Okebukola said this while delivering the 4th and 5th convocation lecture of the Elizade University, llara- Mokin, in Ondo State.
He spoke on, ‘Does Nigeria’s Development Cap fit the Nigeria University System?.
According to him, “Universities should not be allowed to operate satellite campuses”.
Okebukola said if he had the ways he would close down all satellite campuses as he did 20 years ago when he held sway at the NUC.
According to him, “The severe financial handicap inflicted especially on state-owned universities made them literally sell their certificates through running poorly delivered courses in poorly-resourced campuses far from the main campus.
“The institutions ended up admitting all manner of persons into the satellite campuses to make up for the shortfall in revenue thereby bringing the quality of education down.
“Those are places we are the demeaning quality of our university education.
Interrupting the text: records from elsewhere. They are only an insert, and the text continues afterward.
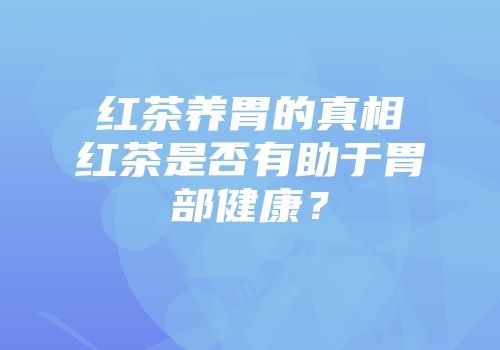 红茶养胃的真相红茶是否有助于胃部健康？
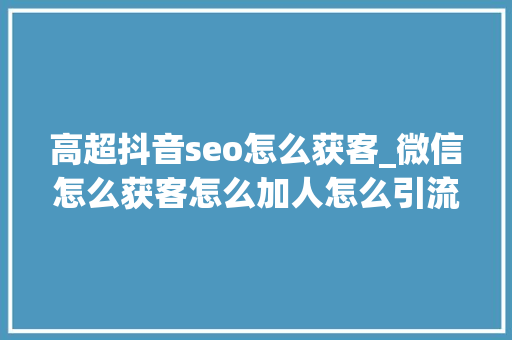 高超抖音seo怎么获客_微信怎么获客怎么加人怎么引流线上引流 高超抖音seo怎么获客_微信怎么获客怎么加人怎么引流线上引流 网站建设公司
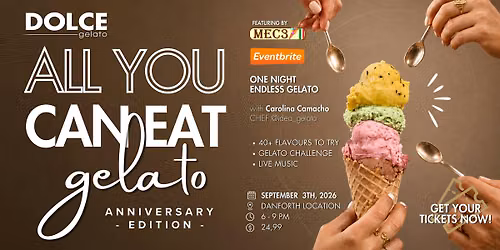 ALL YOU CAN EAT GELATO Dolce's 20th Anniversary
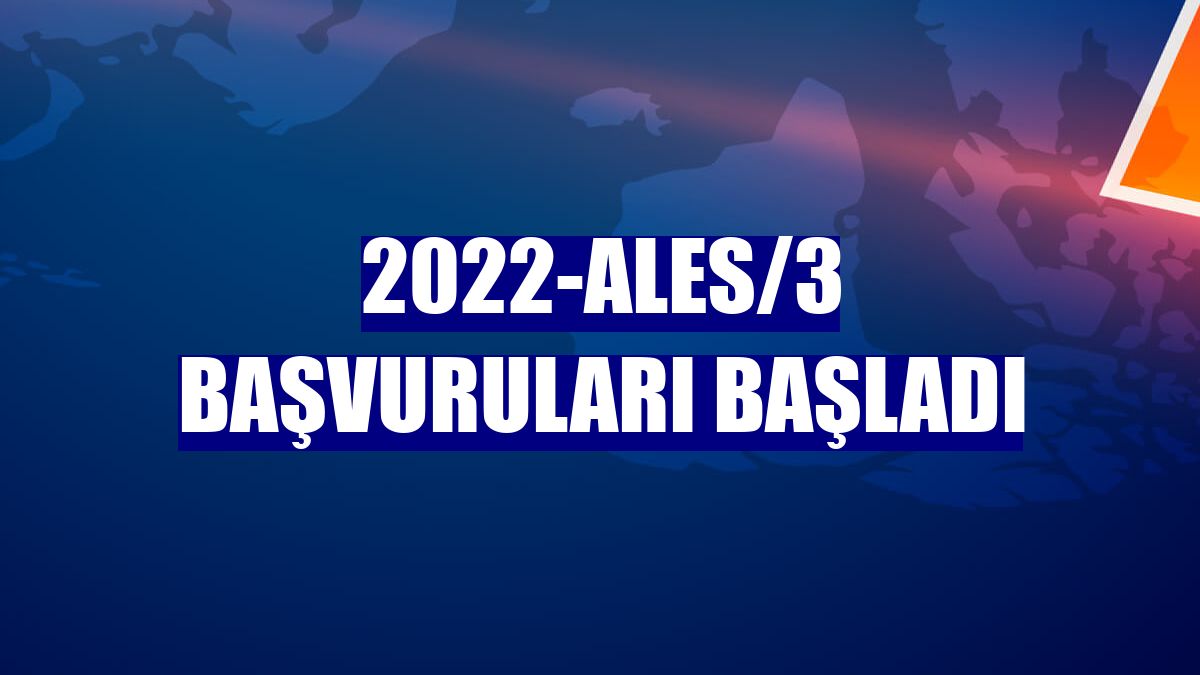 2022-ALES/3 başvuruları başladı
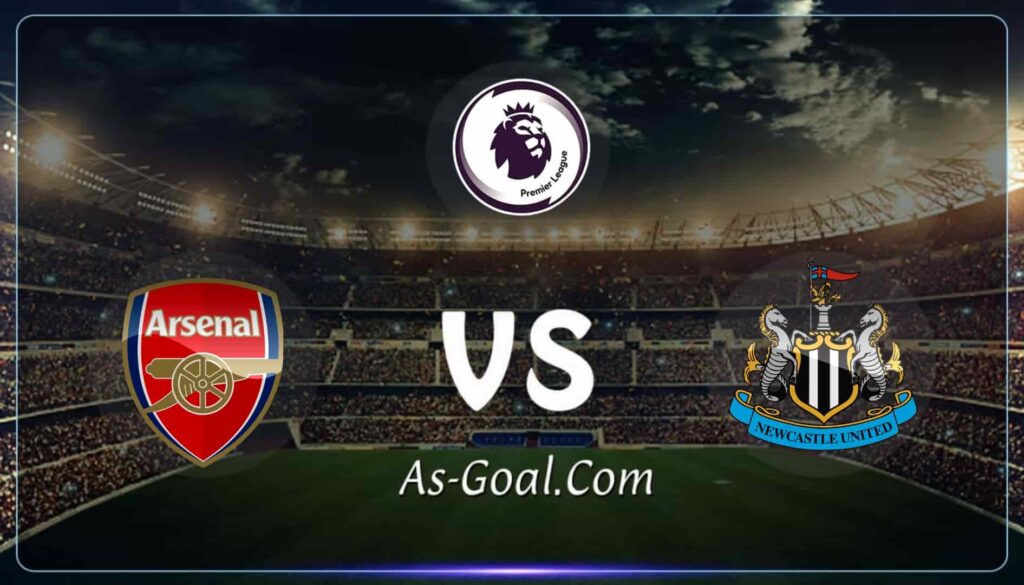 كوره الأن |التشكيلة الرسمية لـ أرسنال لمواجهة نيوكاسل في الدوري الإنجليزي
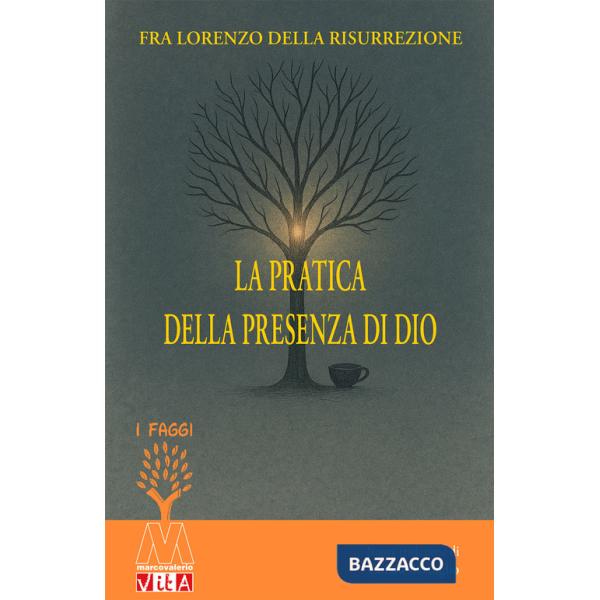 Pratica della presenza di Dio (La)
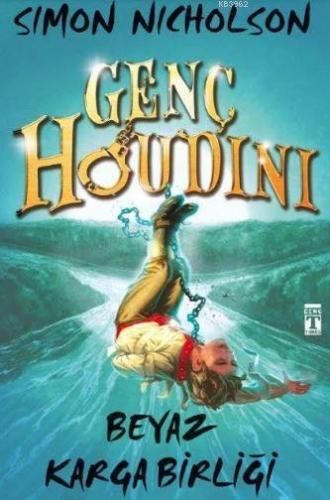 Genç Houdini; Beyaz Karga Birliği | Simon Nicholson | Genç Timaş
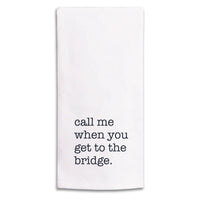 Call Me When You Get To The Bridge Tea Towel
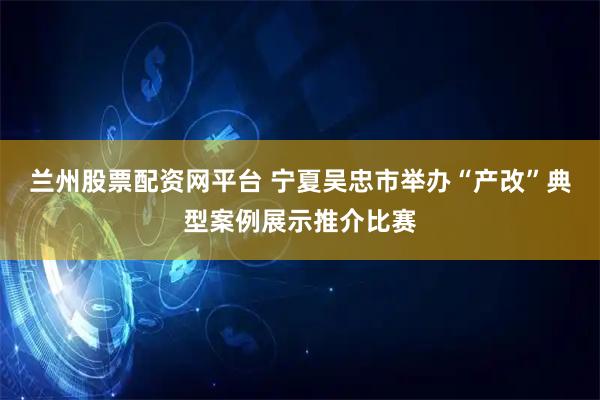 兰州股票配资网平台 宁夏吴忠市举办“产改”典型案例展示推介比赛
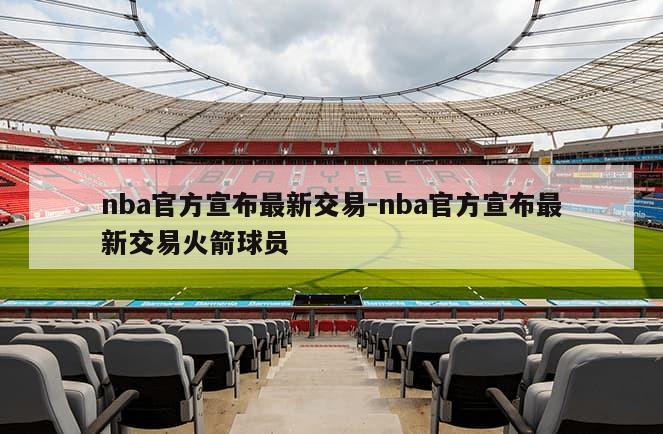 nba官方宣布最新交易-nba官方宣布最新交易火箭球员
Graduates from satellite campuses are less than half baked.”
On funding, Okebukola said universities would respond in greater measure to the needs of the society if adequately funded.
He explained that the university system could only contribute based on the available resources within its capacity.
Nigerian universities, according to him, were faced with challenges, militating against their contribution to better the country.
He highlighted the universities challenges to include lack of adequate funding, research capacity deficit, poor curriculum delivery, and policy incoherence and implementation inconsistency.
Okebukola said the country must rethink its investment model in university education as well as provide sustainable funding for the universities.
“I say the Nigeria university system fit the development cap to the extent that it is delivering value for the quantum of money invested in it. The cap has some sectoral fit, especially in human capacity development.
“The Nigeria university system also does not fit the development cap because its huge potential to better respond to the development agenda of the country is weakly explored owing to paltry investment.”
Okebukola, however, commended the management of Elizade University for setting a global standard among other tertiary institutions.
He specifically congratulated Elizade University on the NUC accreditation of all 24 programmes in Administration, Agriculture, Arts, Engineering, Law, Sciences and Social Sciences.
In a remark, the Vice Chancellor, Elizade University, Prof. Olukayode Amund, described the non-establishment of vocational schools as a major flaw to the implementation of the 6:3:3:4 system of education.